### EXERCISE DIRECTIONS:
Pictures stay out of the output. Return exactly the lines below from the one with "Boğazdaki tehlike: Küçük" down to the one with "Appartement entier, One-Bedroom", both included, and nothing more.

### SUPPLIED DATA:

=== Begin Enclosure ===

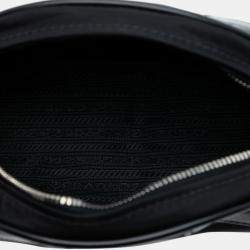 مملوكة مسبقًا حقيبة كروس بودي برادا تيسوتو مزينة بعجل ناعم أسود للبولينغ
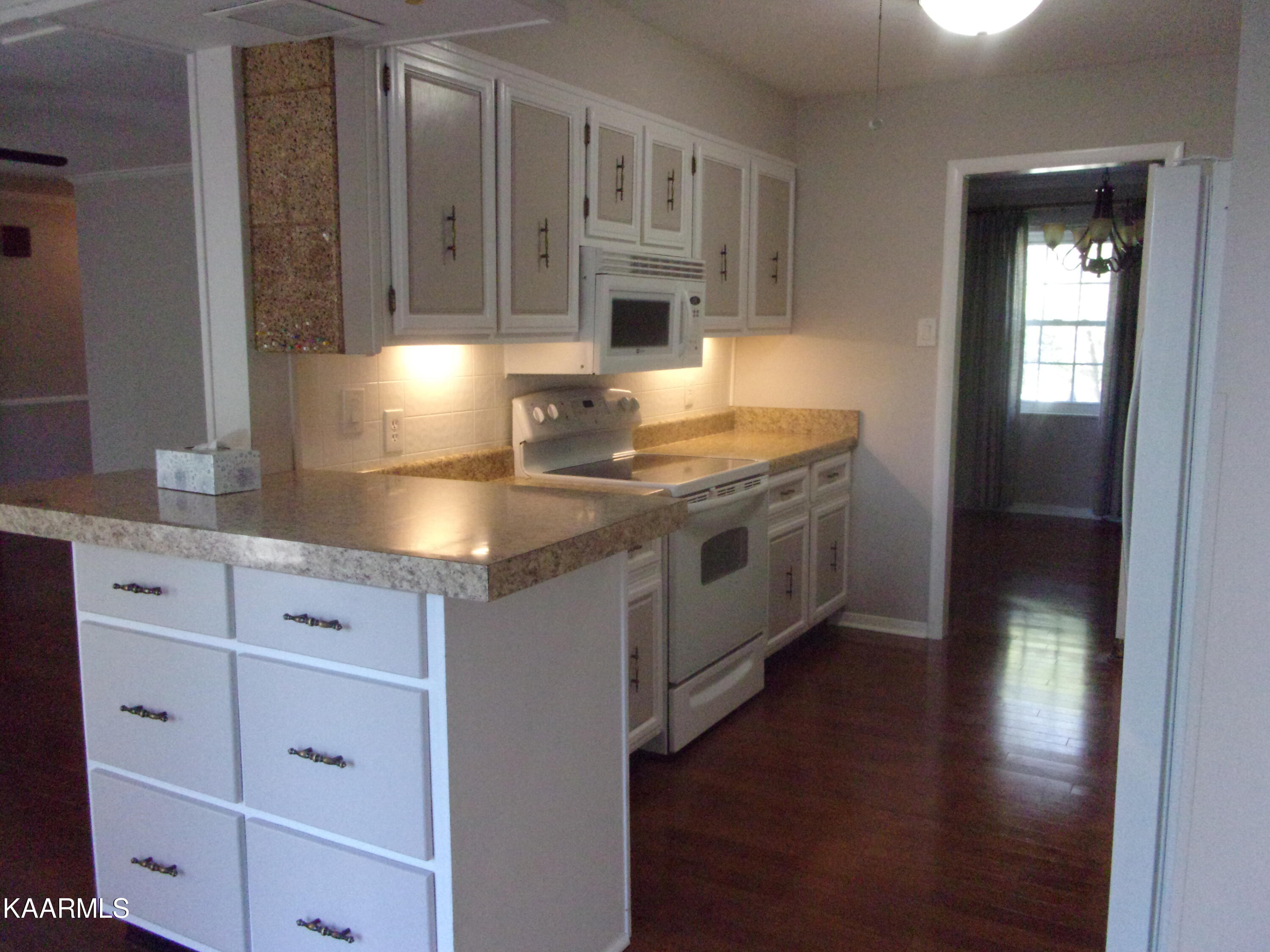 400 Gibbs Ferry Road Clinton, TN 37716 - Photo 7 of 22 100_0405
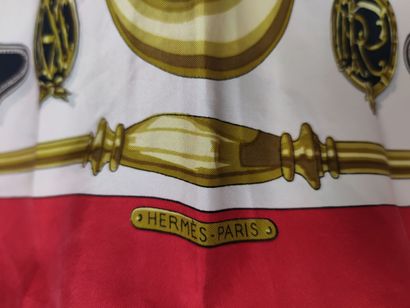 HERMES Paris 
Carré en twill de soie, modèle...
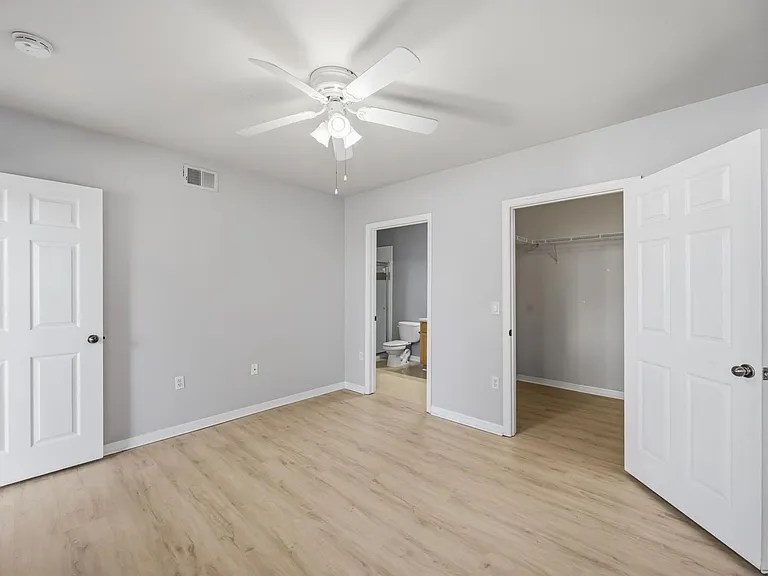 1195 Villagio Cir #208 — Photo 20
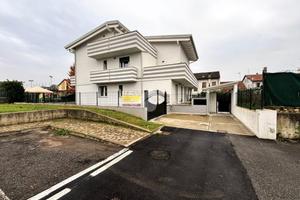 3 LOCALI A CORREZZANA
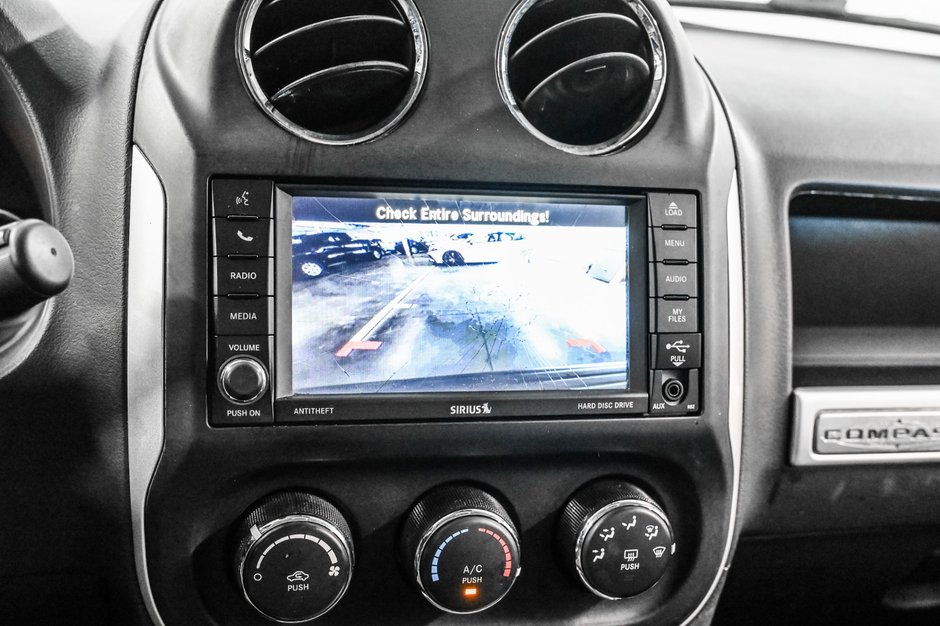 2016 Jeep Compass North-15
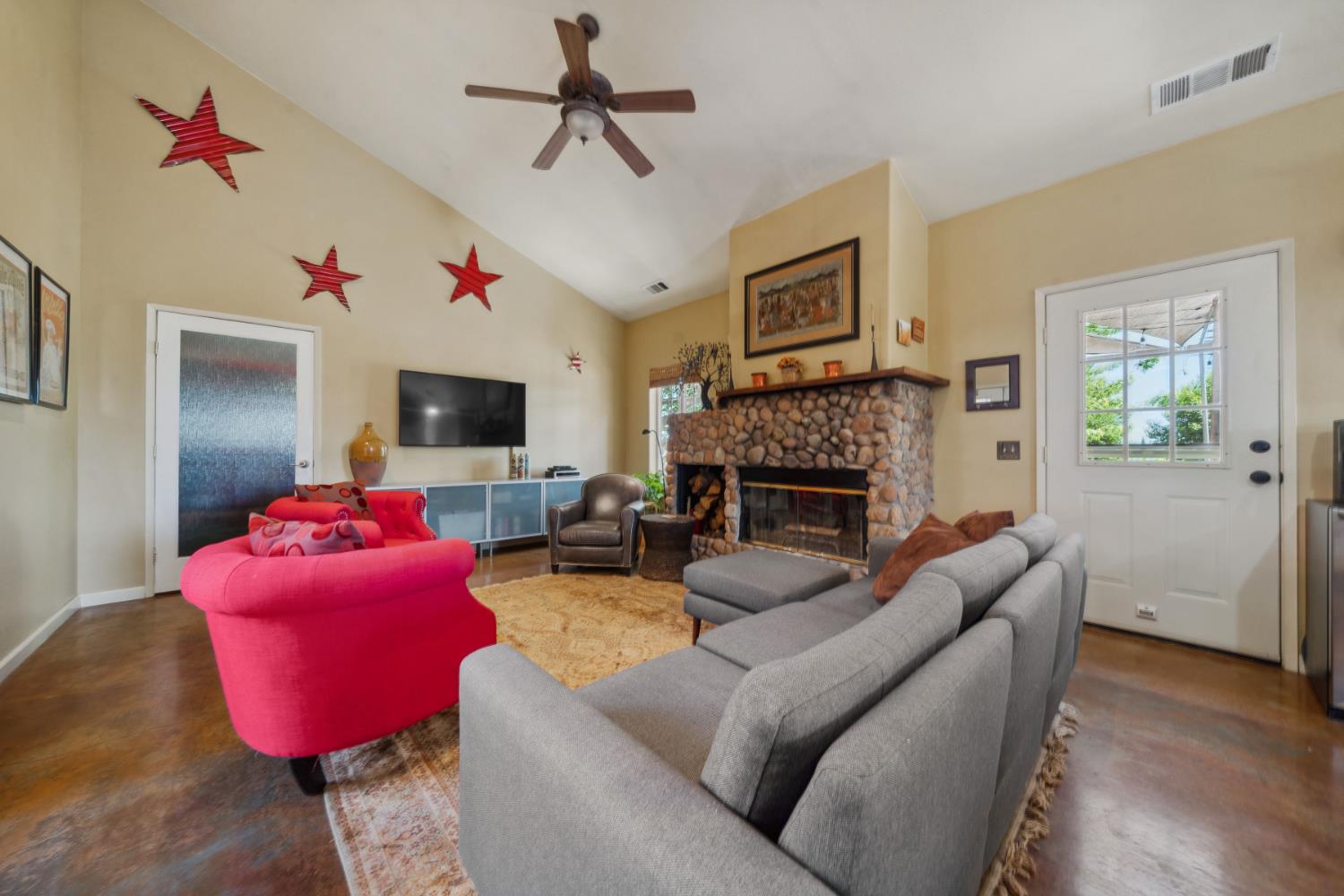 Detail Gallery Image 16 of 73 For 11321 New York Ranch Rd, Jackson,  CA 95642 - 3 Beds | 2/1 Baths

=== End Enclosure ===
=== Begin Enclosure ===

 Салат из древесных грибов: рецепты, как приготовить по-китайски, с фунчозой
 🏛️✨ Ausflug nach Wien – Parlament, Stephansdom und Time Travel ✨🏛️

=== End Enclosure ===
=== Begin Enclosure ===

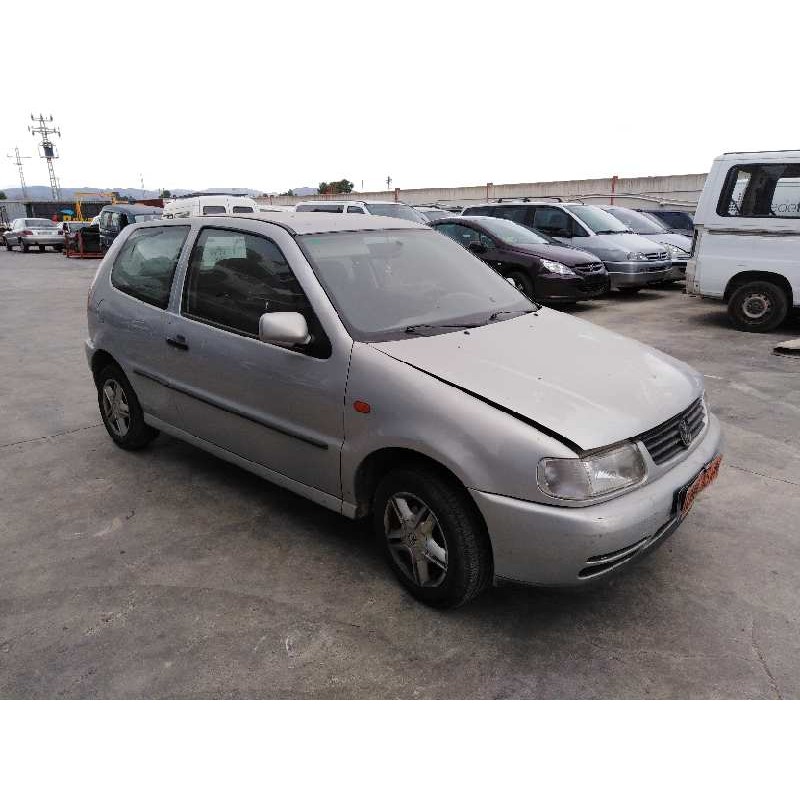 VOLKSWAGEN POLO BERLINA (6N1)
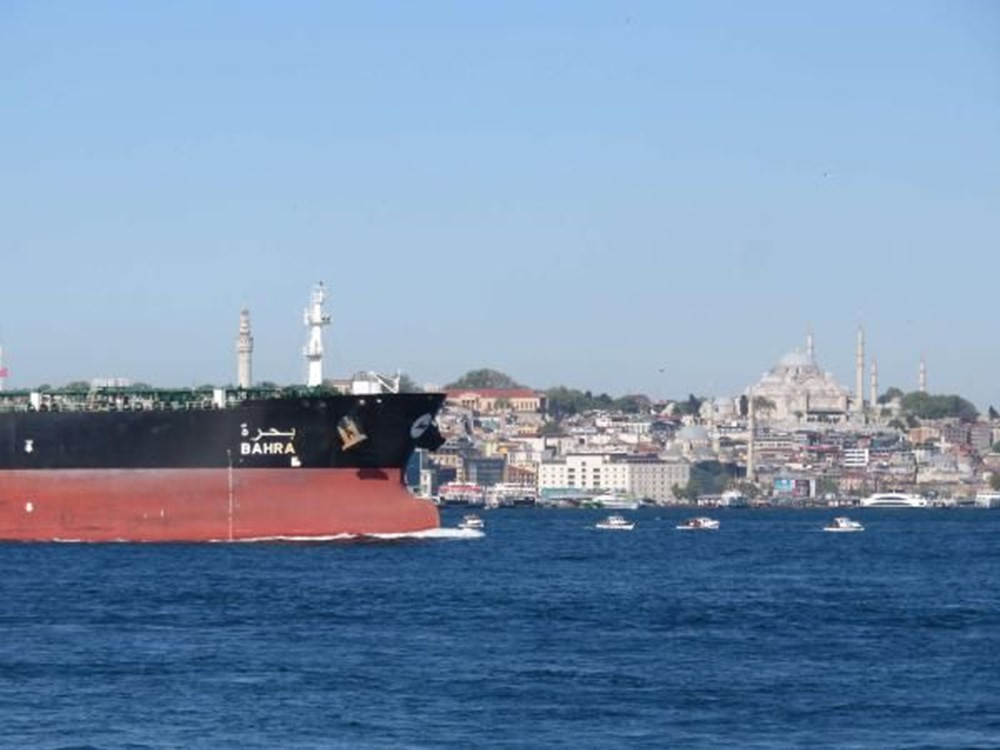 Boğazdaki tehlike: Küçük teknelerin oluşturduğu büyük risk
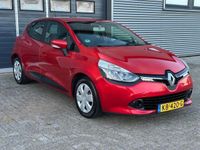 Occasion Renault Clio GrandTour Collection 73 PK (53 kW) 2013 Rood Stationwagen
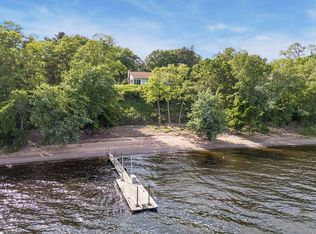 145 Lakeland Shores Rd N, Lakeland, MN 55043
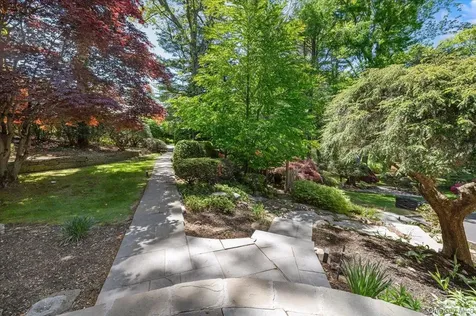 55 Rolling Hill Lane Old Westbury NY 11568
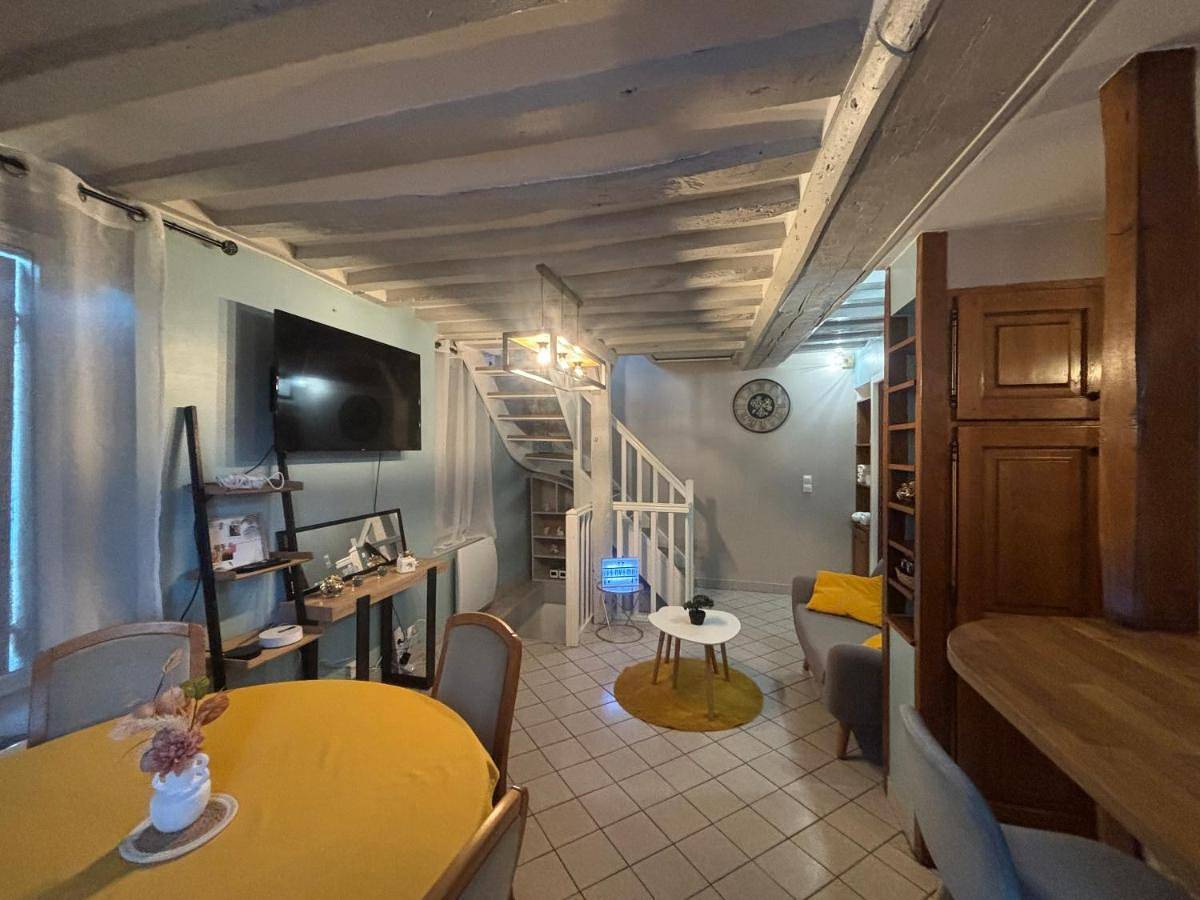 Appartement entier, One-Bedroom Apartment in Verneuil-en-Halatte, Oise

=== End Enclosure ===

### RESULT OF THE TASK:
 Boğazdaki tehlike: Küçük teknelerin oluşturduğu büyük risk
 Occasion Renault Clio GrandTour Collection 73 PK (53 kW) 2013 Rood Stationwagen
 145 Lakeland Shores Rd N, Lakeland, MN 55043
 55 Rolling Hill Lane Old Westbury NY 11568
 Appartement entier, One-Bedroom Apartment in Verneuil-en-Halatte, Oise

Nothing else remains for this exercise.